In summary, I continue to think that eLife offers a great service to discerning authors and readers, and that its focus on open-access peer review points the way to a better future for scientific publishing.

Comment on: “Models of the Mind” by Grace Lindsay

I much enjoyed this book: “Models of the mind” by Grace Lindsay, an account of the uses of theory and mathematics in brain science. The book addresses the general reader, equations are mostly relegated to an appendix, and there are copious citations of technical literature as well. Obviously, conveying mathematics without equations is a challenge, and Lindsay handles it very well, finding many effective metaphors where needed. This all reflects her deep mastery of the material. 

Beyond the target audience of curious laypeople, I also recommend this book to professors and students in mathematical neuroscience. For one, the ten chapters 2-11 would make a perfectly reasonable topic list for a 10-week course. While the course lectures and problem sets will focus on technical content and practice, Lindsay’s accompanying chapter can give a historical account of how the ideas evolved to our present understanding. When I try to do this in class, I always feel pressed for time, and the results aren’t satisfying. This book would make a great companion to a technical lecture series.

Lindsay’s last chapter is dedicated to “grand unifying theories” of the brain. She covers three attempts at such a theory, and politely but unmistakably dismisses them. One is “demonstrably wrong” and the other two are not even wrong. To find out what theories these are you’ll have to read the book; calling them out by name here would already give them too much credit. Lindsay concludes that brains are so “dense and messy” that they don’t lend themselves to physics-style theories that boil everything down to simple principles. On the other hand, her opening chapter makes the case that mathematics is the only language that can ultimately deal with the complexity of the brain. There’s a tension here regarding the future of mathematics in neuroscience.

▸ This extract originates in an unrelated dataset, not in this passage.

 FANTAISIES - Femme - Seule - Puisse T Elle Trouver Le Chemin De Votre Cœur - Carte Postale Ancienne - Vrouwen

This contrast between the rigor of mathematics and the squishiness of brains contributes to what I think is a continuing reluctance of many brain scientists to engage with quantitative methods. Here I’m reminded of one of the few question marks I jotted in the margins of the book. Lindsay writes that early in his career “[David] Hubel was actually quite interested in mathematics and physics”. If so, he certainly changed his mind later on. I have heard Hubel say that he “never had to use an equation after high school”. And he liked to ridicule quantitative measurement in neuroscience as “measuring the thickness of blades of grass”. Torsten Wiesel was similarly dismissive of mathematical approaches. I recall an editorial board meeting of the journal Network, which the chief editor, Joe Atick, had organized in a conference room at the Rockefeller University. In mid meeting, Torsten Wiesel – who was president of Rockefeller at the time – popped in, said hello, asked what the meeting was about, then delivered a monologue on how computational neuroscience will never make a useful contribution, and left abruptly. Whatever one thinks of these opinions, Hubel and Wiesel do have a Nobel Prize, as do many other experimenters, and theoretical neuroscientists don’t.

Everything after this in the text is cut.